Yes, they made a Dr. Dolittle movie starring Robert Downey, Jr. with cute animals and Tom Holland voicing a dog who wears really big, funny glasses, and Disney is not behind the enterprise. (Universal paid the $175 million bill).

Sadly, and as much as I love Universal, the difference in studio alone whittles this motion picture from a $500m gross down to, I don't know, $200m?

Elsewhere in the voice cast, we have a curated selection of breakout or standout actors from the last precisely two years of cinema - Rami Malek as a gorilla, Kumail Nanjiani as an ostrich with glaring eyes, John Cena as a big old polar bear (the resemblance is..., etc.), Emma Thompson as a parrot, and Selena Gomez as something called "Betsy." Catch 'em all.

Again to the film's star. Yes, Stan Lee was a titan. And Kevin Feige bears some of the responsibility too. But perhaps Robert Downey, Jr. like no one else is charged hereby with cementing the 21st century as the century of the superhero: as a highly-acclaimed dramatic actor with an exciting past and exactly zero $100m movies on his filmography (really), he was an unlikely casting choice who turned Iron Man, historically not an A list comic book character, into a breakout hit that inspired sequels, a monster of a parent franchise (the MCU), and then all the many other comic book and assorted films that are also building up their own "universes" for use at some needless point down the road.

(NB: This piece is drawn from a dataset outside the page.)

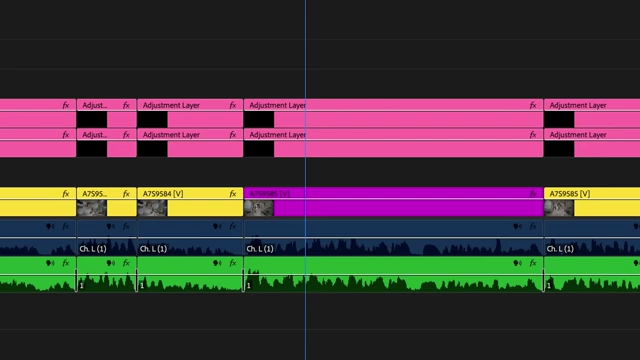 A Premiere Pro timeline demonstrating the efficient application of ripple edits.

So monumental was Downey's impact that, by the end of the decade, Spider-Man - Spider-Man! - you know, the first guy to open a movie to $100m - was calling Downey "sir." That's really all you need to know.

And it's kept him busy.

Let us recap the rest of the decade in Downey, briefly, since that's all the time we'll need: in the time outside of making Marvel and Avengers movies, which are really, truly, awful, unbearably; he has starred in a totally necessary Sherlock Holmes sequel, played Robert Duvall's son in The Judge (the most judgmental movie of the year, 2014), and buddied up with Zach Galifianakis for the comedy Due Date (2010), which actually was reasonably entertaining. Aside from a fleeting cameo in Chef (2014), that's about all the films you could see Downey in if you happened to really, really, dislike anything with Marvel above the marquee.

Direction is by Stephen Gaghan, who has previously not made anything even vaguely resembling a children's film (no child could sit all the way through his Syriana without bawling repeatedly, and I think they have a point). The audience is relevant - the last children's film to open before Dolittle is scheduled to hit town was, indeed, Tom Holland's Spies in Disguise, and given the $70m or so that film's currently careening towards, there's enough room for Dolittle to flag down some shocking unexpected box office total. (the next children's film? well, if you ignore, uh, Harley Quinn, it's Sonic the Hedgehog on February 14th. Shivers.).

Children's films make a rather lot of money in January, sometimes, and no one knows quite why. Maybe we should ask them. For who can forget January 2005, when Are We There Yet? (Rotten Tomatoes score: minus 22 percent) grossed a completely remarkable $82m, just a mere seven days after Racing Stripes, another children's film that perhaps has not become a family favourite, took in $49m. Between the two, that's one hundred and thirty one million dollars ($131m), in 2005 money! Just think if Dolittle can get all those same kids back into theaters again (well, you know what I mean).

Since there was such a gap in the schedule a few months ago, the film could have opened on around November 8th, where I say it would have been assured a $200m gross.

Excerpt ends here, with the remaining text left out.